Il n'en demeure pas moins que ce n'est pas forcément sa spécificité, car sinon elle se confondrait assez avec les associations humanistes en général, pour ne pas être constamment critiquée par les philosophes rationalistes.
De fait, l'anthroposophie a pour profonde spécificité de chercher la source spirituelle des valeurs morales: de sonder l'Inconnu pour y trouver les forces organisatrices de l'univers, et de les reconnaître comme émanant de l'amour divin. En d'autres termes, elle considère que toute valeur éthique, quelle qu'elle soit, a sa source dans l'ordre secret du cosmos - dans l'action divine! Elle considère qu'il est dangereux pour l'humanité et son avenir non seulement d'avoir des valeurs morales mauvaises, mais aussi de ne pas fonder les bonnes dans l'organisation générale de l'univers.
Car si d'un côté on dit que l'être humain, notamment dans le cadre national, doit épouser des valeurs nobles, mais que de l'autre côté l'univers est mû par des forces indifférentes, ou même mauvaises, qui écraseront ces valeurs nobles et jusqu'aux communautés sur lesquelles elles sont fondées, qu'arrivera-t-il? La vérité est que l'individu ne fera pas l'effort de suivre des injonctions morales illusoires - qu'il laissera aux autres -, mais agira selon ce qu'il a compris comme étant objectivement le plus efficace. La civilisation n'en sera donc pas moins ruinée.

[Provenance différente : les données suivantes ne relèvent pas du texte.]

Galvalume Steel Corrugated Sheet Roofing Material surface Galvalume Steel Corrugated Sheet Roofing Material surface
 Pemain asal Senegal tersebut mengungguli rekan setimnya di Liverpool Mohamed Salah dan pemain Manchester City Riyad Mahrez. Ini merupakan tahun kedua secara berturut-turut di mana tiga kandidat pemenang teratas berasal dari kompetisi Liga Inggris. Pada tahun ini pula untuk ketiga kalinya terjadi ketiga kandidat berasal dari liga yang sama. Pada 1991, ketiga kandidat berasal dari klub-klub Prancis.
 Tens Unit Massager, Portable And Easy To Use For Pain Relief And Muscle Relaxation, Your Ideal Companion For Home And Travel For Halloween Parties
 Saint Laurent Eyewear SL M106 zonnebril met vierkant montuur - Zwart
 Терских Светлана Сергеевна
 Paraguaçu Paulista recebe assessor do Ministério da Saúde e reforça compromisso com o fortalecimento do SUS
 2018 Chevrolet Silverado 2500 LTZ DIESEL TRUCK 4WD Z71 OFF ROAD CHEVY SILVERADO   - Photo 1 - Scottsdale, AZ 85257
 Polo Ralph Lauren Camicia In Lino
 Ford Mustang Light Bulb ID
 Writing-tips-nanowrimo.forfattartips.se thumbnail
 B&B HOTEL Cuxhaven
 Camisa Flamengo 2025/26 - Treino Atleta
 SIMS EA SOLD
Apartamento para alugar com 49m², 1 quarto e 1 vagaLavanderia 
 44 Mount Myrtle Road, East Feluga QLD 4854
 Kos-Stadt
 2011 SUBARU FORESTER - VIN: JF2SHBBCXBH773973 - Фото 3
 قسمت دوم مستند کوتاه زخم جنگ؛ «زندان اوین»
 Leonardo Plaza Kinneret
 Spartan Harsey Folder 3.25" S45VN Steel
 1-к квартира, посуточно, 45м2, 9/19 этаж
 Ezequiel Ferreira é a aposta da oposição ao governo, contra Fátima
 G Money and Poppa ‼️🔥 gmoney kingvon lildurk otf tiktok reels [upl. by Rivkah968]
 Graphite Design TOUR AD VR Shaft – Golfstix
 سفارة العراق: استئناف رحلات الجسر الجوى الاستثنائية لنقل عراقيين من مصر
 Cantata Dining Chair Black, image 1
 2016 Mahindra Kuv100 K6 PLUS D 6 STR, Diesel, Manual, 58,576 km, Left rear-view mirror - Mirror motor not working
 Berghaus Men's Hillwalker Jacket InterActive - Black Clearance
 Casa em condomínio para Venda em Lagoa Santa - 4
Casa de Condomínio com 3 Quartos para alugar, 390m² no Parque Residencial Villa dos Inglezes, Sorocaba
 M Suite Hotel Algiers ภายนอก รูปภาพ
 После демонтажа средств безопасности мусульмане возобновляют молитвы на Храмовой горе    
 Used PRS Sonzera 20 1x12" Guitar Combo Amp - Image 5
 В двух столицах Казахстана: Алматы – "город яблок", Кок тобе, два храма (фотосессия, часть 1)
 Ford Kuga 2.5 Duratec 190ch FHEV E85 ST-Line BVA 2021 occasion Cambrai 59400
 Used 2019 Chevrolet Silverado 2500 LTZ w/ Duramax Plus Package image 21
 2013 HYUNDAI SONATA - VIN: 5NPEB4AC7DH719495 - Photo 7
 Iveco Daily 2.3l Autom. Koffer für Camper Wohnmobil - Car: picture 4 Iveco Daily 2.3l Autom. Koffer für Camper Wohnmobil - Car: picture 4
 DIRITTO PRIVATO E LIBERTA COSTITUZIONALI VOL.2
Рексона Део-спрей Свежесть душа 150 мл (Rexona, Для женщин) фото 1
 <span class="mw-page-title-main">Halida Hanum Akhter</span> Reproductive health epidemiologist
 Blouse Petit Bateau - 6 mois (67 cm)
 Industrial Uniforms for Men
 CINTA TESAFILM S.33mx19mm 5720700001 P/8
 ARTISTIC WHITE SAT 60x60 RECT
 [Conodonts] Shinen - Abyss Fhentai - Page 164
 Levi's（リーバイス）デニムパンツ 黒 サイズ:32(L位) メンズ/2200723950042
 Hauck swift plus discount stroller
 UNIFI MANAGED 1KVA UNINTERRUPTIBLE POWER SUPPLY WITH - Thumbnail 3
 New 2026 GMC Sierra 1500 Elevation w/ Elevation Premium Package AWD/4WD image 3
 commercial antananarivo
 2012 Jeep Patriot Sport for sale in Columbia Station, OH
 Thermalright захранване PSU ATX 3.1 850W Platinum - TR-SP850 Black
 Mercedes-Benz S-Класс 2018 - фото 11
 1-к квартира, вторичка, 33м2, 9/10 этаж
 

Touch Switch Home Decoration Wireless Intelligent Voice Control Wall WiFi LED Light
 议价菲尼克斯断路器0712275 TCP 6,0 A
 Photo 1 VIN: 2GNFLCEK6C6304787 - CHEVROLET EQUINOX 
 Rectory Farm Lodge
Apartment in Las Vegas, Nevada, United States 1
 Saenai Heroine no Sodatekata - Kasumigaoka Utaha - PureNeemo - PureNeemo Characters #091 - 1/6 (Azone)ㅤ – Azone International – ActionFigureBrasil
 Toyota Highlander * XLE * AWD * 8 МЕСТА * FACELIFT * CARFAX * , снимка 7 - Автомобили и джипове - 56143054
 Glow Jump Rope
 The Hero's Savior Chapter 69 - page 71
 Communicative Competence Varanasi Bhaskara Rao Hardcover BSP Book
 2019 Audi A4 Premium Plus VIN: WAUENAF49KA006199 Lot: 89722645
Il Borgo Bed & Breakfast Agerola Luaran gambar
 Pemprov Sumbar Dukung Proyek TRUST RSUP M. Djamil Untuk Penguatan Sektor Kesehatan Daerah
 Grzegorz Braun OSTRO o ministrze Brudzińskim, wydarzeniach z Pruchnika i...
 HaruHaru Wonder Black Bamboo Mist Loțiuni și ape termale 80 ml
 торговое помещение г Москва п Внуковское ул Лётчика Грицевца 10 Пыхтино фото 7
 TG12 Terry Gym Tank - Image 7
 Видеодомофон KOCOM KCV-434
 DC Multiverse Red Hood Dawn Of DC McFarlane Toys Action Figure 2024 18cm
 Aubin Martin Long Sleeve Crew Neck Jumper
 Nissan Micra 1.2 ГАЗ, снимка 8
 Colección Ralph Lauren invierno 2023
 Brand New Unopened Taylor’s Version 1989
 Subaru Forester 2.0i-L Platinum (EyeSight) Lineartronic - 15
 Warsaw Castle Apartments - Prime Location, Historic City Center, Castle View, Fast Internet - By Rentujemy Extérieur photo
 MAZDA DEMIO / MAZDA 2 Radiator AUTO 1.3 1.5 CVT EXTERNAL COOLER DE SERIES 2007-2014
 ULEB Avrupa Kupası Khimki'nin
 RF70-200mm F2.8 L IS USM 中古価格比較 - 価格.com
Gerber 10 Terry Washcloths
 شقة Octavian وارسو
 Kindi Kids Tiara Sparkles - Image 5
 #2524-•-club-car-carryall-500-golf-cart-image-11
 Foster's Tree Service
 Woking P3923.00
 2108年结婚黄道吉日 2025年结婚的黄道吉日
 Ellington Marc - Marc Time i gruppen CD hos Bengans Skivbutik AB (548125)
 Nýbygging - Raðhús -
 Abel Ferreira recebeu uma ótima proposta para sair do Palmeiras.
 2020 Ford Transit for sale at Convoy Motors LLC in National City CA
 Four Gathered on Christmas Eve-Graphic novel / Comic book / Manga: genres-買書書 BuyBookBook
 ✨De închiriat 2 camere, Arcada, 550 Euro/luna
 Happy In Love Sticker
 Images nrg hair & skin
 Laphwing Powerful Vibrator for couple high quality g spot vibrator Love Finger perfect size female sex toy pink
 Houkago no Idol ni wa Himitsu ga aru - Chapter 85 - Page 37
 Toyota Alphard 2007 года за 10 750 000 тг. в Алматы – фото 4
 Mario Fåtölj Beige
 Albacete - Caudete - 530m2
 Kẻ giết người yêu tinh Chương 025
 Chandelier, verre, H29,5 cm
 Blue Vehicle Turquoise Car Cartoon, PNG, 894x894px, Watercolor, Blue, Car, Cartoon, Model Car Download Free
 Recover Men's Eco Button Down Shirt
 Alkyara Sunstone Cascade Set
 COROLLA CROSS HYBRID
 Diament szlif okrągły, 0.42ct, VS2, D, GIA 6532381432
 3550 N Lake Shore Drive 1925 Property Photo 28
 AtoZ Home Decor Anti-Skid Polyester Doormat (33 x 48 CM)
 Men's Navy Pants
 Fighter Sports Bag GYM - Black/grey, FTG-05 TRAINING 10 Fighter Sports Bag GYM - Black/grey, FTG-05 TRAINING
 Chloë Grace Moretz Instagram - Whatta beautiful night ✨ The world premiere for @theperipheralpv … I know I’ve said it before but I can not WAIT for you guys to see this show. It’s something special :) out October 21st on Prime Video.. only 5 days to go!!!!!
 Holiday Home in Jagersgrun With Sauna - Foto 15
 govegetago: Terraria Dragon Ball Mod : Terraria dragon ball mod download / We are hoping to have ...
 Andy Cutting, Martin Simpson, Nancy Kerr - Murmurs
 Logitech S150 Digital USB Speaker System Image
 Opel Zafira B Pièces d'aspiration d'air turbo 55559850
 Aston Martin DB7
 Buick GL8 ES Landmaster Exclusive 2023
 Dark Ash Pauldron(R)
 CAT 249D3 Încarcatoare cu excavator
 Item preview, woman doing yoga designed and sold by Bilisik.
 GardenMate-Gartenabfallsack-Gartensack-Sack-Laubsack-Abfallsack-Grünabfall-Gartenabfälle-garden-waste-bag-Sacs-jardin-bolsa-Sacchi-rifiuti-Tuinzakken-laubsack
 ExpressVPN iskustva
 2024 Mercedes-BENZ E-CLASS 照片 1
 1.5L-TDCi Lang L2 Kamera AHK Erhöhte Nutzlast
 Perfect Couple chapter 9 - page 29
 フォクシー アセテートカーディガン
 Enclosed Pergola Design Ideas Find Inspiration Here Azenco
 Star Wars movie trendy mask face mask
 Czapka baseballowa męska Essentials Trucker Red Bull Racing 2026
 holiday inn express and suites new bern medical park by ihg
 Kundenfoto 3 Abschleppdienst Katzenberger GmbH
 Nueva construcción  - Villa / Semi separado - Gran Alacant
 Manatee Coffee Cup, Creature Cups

Il est important que l'univers lui-même soit moral, afin que l'action morale soit fondée dans la réalité cosmique, c'est à dire soit scientifiquement fondée: d'où l'expression de science de l'esprit.
Mais dès lors se posent des problèmes nouveaux, puisque les philosophes rationalistes dans leur majorité soit disent que l'univers n'a aucune force morale particulière en lui, soit disent que s'il en a un on ne peut pas le connaître; donc ils s'en prennent à ceux qui disent le contraire, surtout s'ils ont un certain succès auprès du public, comme c'est le cas de Rudolf Steiner.
C'était le sacrifice qu'il devait faire, car malheureusement le raisonnement est juste: l'homme n'agira moralement que si cela correspond à des forces réellement agissantes dans l'univers, et destinées par conséquent à dominer les phénomènes. Si les phénomènes sont dominés par d'autres forces, on pourra toujours parler dans l'abstrait, au moment d'agir on ne pourra pas se résoudre à suivre des principes dont on croit qu'ils ne sont les lubies illusoires d'une communauté donnée. On agira selon ces autres forces, inéluctablement.
C'est donc cela, l'anthroposophie, le fondement de l'éthique par la science de l'esprit de l'univers, l'exploration du sens caché des choses. Cela ne plaît pas à tout le monde, car cela fait un peu peur. En effet, quand on agit mal, on veut croire que cela n'aura pas de conséquences réelles, et le fait est que Rudolf Steiner s'efforce de démontrer le contraire. C'est plutôt fâcheux.
Il y a aussi bien sûr les fonctionnaires qui voulant garder le privilège d'énoncer ce qui est bien et mal essaient de faire apparaître l'État comme la seule instance morale possible. Ils en profitent sans doute, si l'illusion fonctionne; mais qui peut croire, sur le long terme, qu'un État puisse s'imposer à l'Infini? Cela ne tient pas debout. Il faut donc forcément aller plus loin, comme le voulait Steiner.
Ensuite chacun est libre de contester ses idées, ou sa démarche. Mais se mettre en colère contre lui n'est pas très conforme aux valeurs éthiques de la liberté de conscience et d'expression.
Il faudrait du reste admettre que l'univers a lui-même une conscience libre, pour être certain d'avoir envie de respecter la liberté de conscience aussi chez l'être humain.
Cela tourne à l'intérieur de soi; cela a de la logique; c'est ce qui est beau.